[[ Given records open ]]

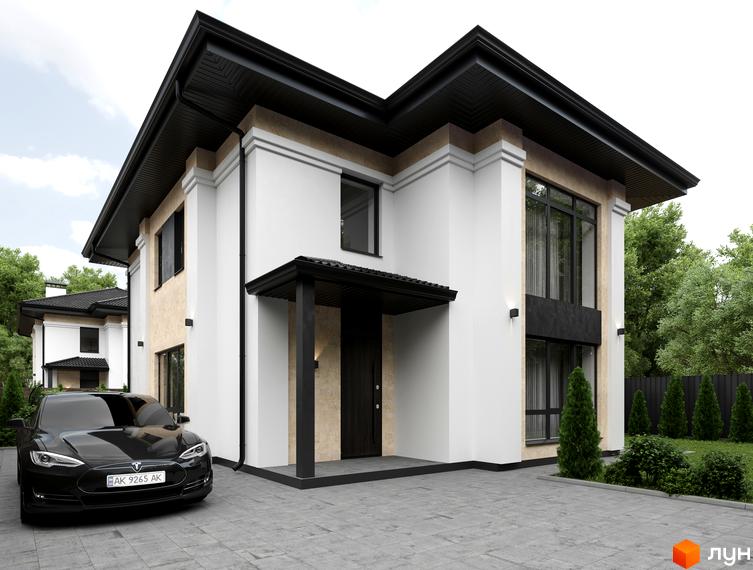 Котеджне містечко КМ Sandstone Residence: двоповерховий будинок з білою та пісочною обробкою, великими вікнами та чорним дахом. Поруч розташований чорний автомобіль та зелені насадження.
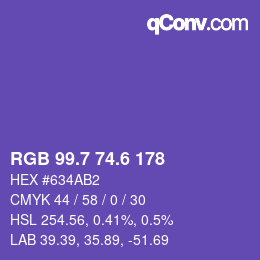 カラーコード: RGB 99.7 74.6 178 | qconv.com
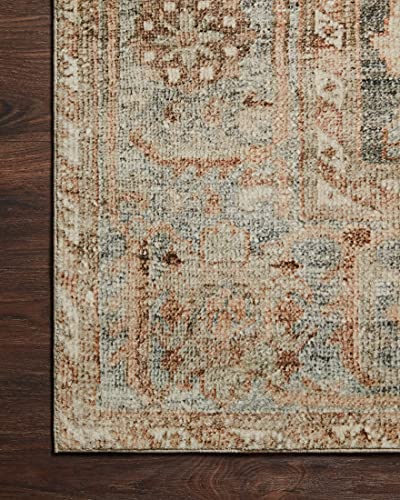 Loloi Margot Ocean/Spice 3'-6" x 5'-6" Accent Rug | MAT-03 CloudPile™ Printed Approx. 4x6 Blue Entryway Kitchen, Timeless, Classic, Plush, Luxurious, Accent Rug - color: Ocean / Spice, size: 3'6" x 5'6" (Rectangular)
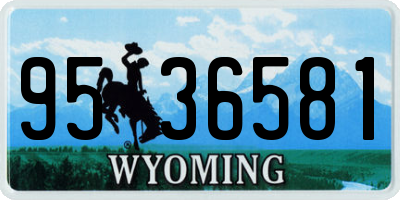 WY license plate 9536581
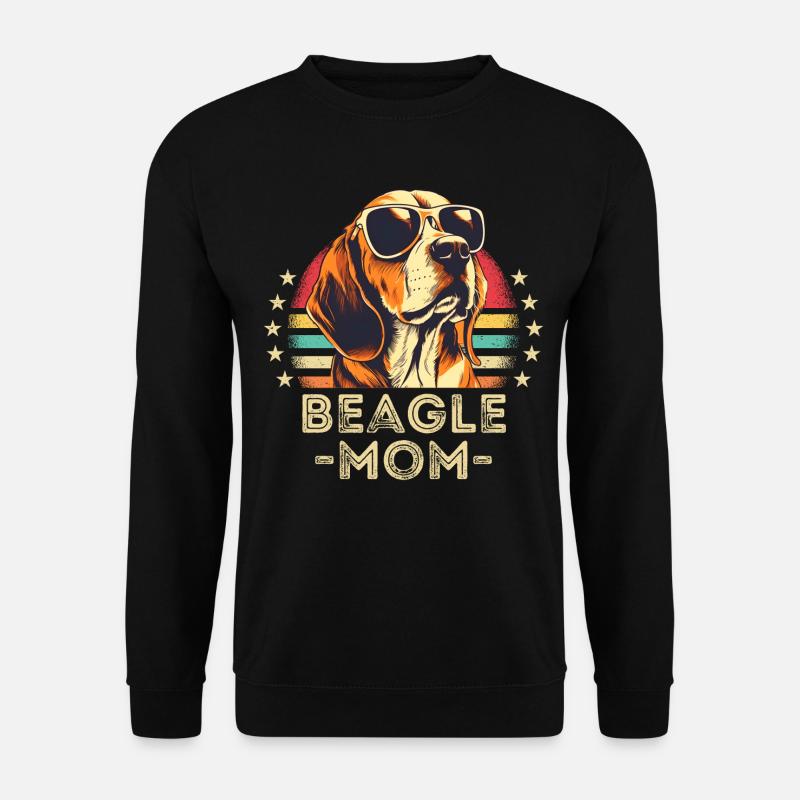 Beagle with sunglasses retro - Unisex Sweatshirt - black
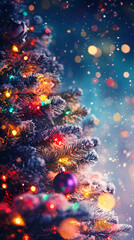 Christmas tree under sparkling lights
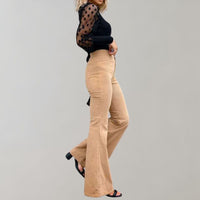 Trendy Corduroy Flared Pants - Valerie-Khaki-S-State of Style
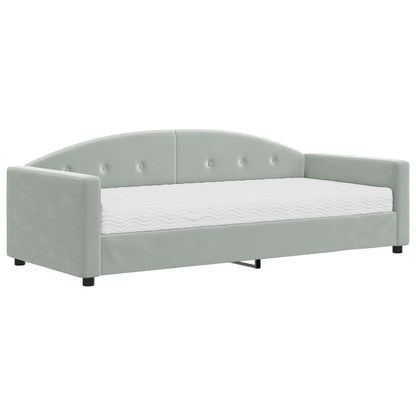 Divano Letto con Materasso Grigio Chiaro 90x190 cm in Velluto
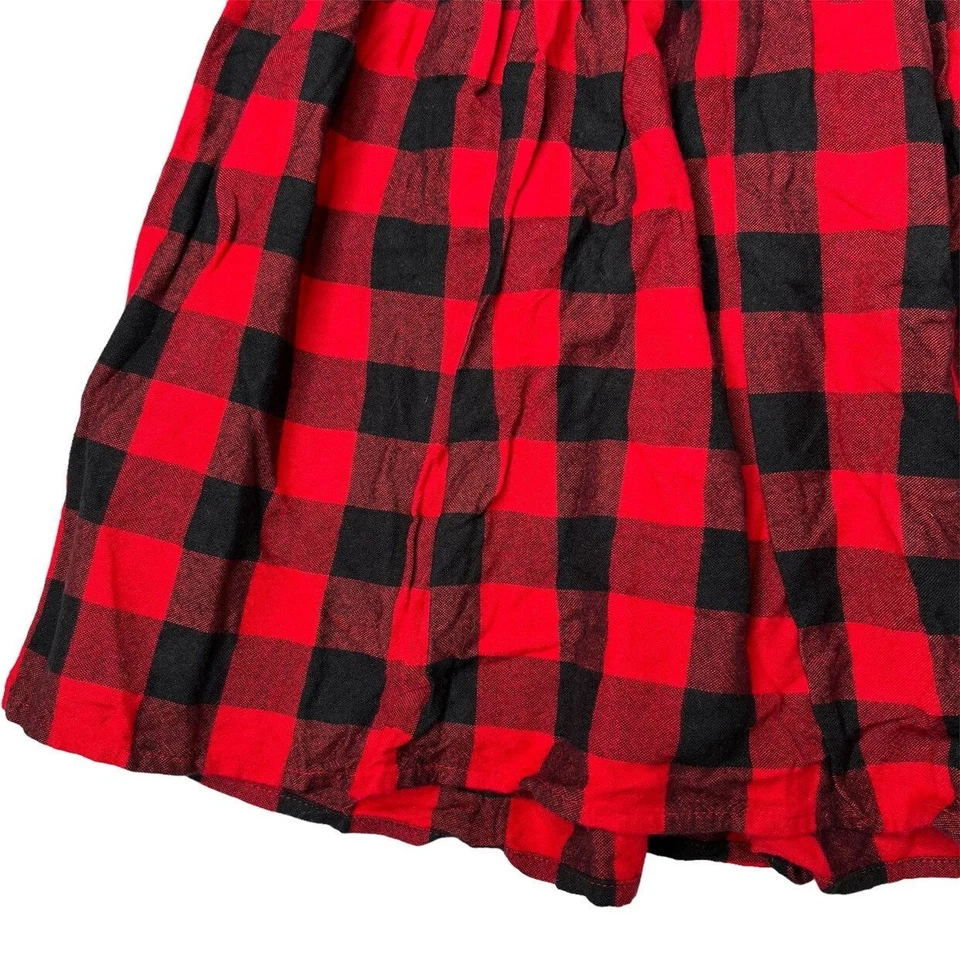 Falda a Cuadros Gap Kids Buffalo Niñas Roja Negra Cuadros Plisada Talla XXL Foto 4 de 4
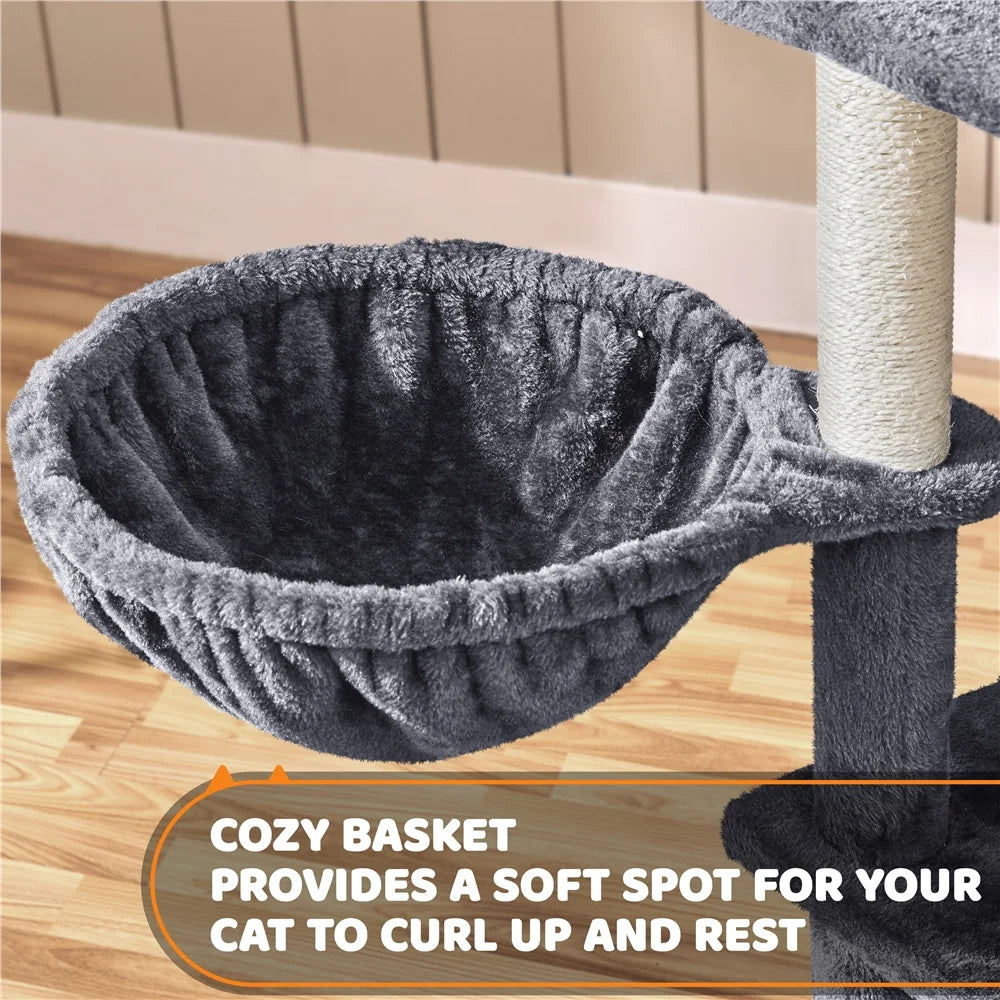 69In Large Cat Tree Tower with Condos & Scratching Board, Dark Gray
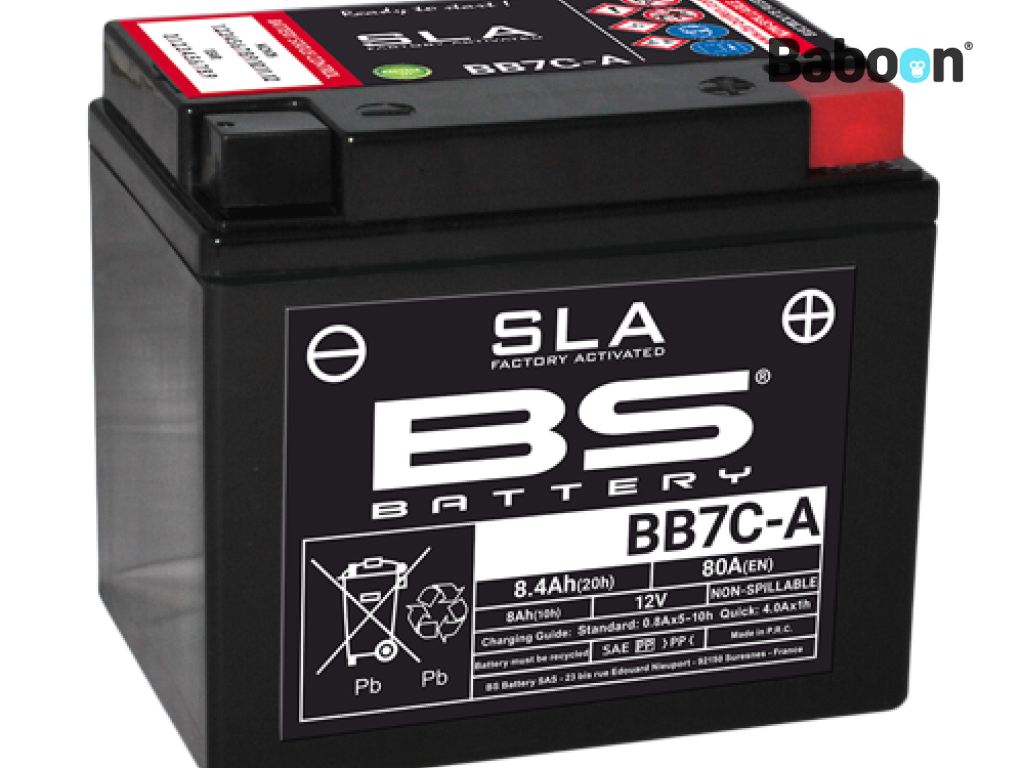 BS Battery Battery AGM BB7C-A (YB7C-A) SLA Maintenance Free Factory Enabled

[[ Given records closed ]]

Instructions for the task. Copy out nothing but the lines from the beginning of the records through the one that contains "カラーコード: RGB 99.7 74.6 178 | qconv.com". Skip the pictures.

Response box.
 Котеджне містечко КМ Sandstone Residence: двоповерховий будинок з білою та пісочною обробкою, великими вікнами та чорним дахом. Поруч розташований чорний автомобіль та зелені насадження.
 カラーコード: RGB 99.7 74.6 178 | qconv.com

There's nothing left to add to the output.